I'm trying to migrate my current streaming app, which is based on using RDDs (from their documentation ) to their new Datasets API using structured streaming, which I'm told is the preferred approach to do real time streaming with Spark these days.
Currently I have the app setup to consume from 1 topic called "SATELLITE", that has messages containing a key timestamp and value containing a Satellite
POJO. But I'm having problems figuring out how to implement a deserializer for this. In the my current app it is easy, you just add a line to your like kafka properties map kafkaParams.put("value.deserializer", SatelliteMessageDeserializer.class);
I'm doing this in Java, which is presenting the biggest challenge, because all the solutions appear to be in Scala, which I don't understand well and I'm not easily able to convert Scala code to Java code.

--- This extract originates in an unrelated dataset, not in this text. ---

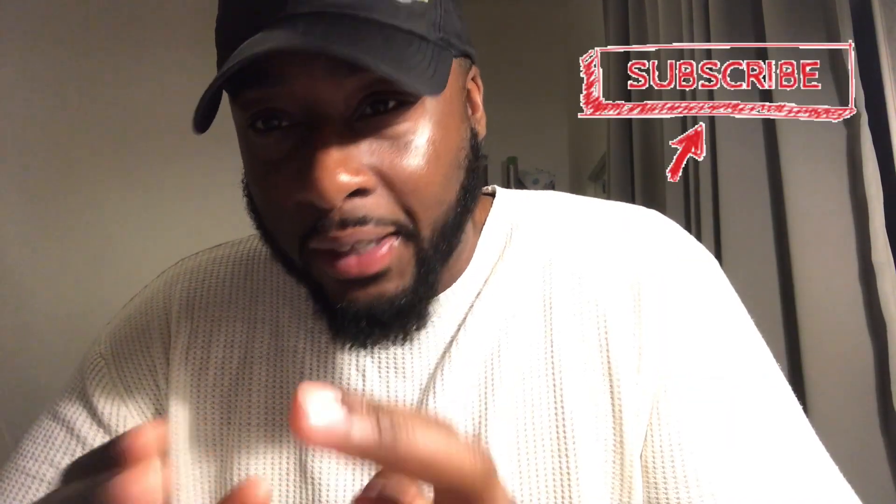That's it for now. I hope you guys have a better understanding about Remyoshi and the front cover I created. If you found this informative, please give it a thumbs up, like, subscribe, send it to somebody — get the algorithm popping, let the video grow, let my channel start to grow. Thank you guys for your time, bye.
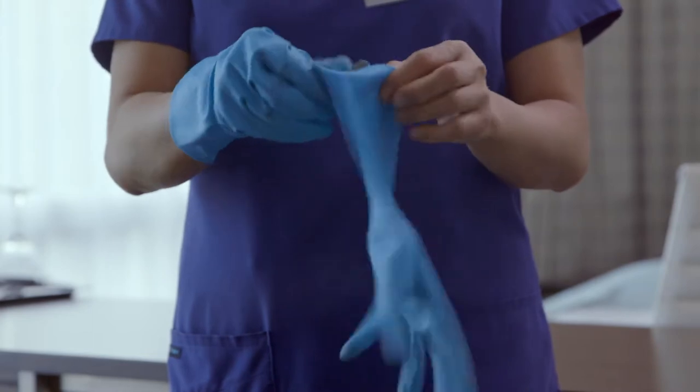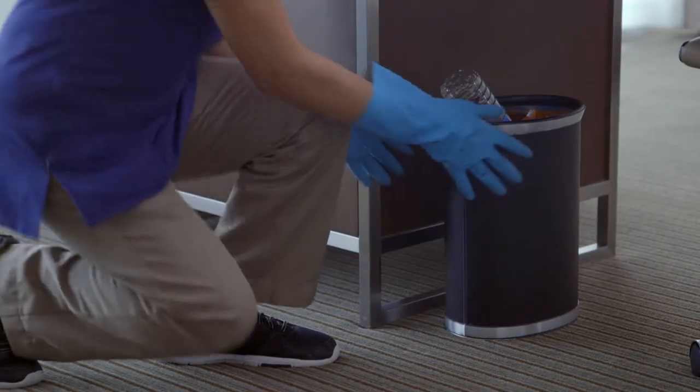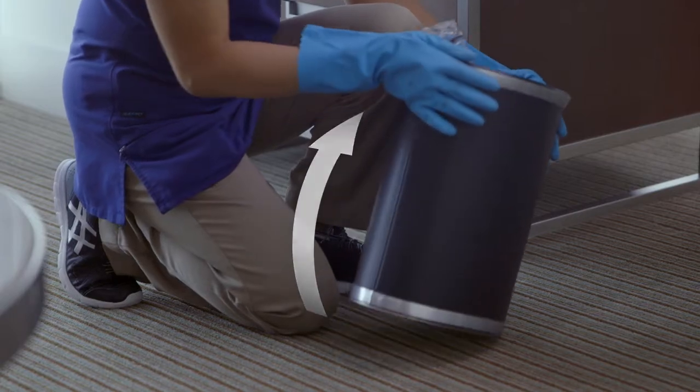When handling garbage, always wear gloves. Garbage containers can be heavier than you think, so before moving them, check the weight by tilting or pulling them.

I followed an example for JSON outlined in this question , which currently works, but seems overly complex for what I need to do. Given that I already have custom deserializer made for this purpose, I don't see why I should have to cast it to a string first, only to just convert it to JSON, to then convert it to my desired class type. I've also been trying to use some of the examples I found here , but I've had no luck so far.
Currently my app looks like this (using the json approach):
import common.model.Satellite;
import org.apache.spark.sql.*;
import org.apache.spark.sql.streaming.StreamingQueryException;
import org.apache.spark.sql.types.DataTypes;
import org.apache.spark.sql.types.StructField;
import org.apache.spark.sql.types.StructType;
public class SparkStructuredStreaming implements Runnable{
private String bootstrapServers;
private SparkSession session;
public SparkStructuredStreaming(final String bootstrapServers, final SparkSession session) {
this.bootstrapServers = bootstrapServers;
this.session = session;
}
@Override
public void run() {
Dataset<Row> df = session
.readStream()
.format("kafka")
.option("kafka.bootstrap.servers", bootstrapServers)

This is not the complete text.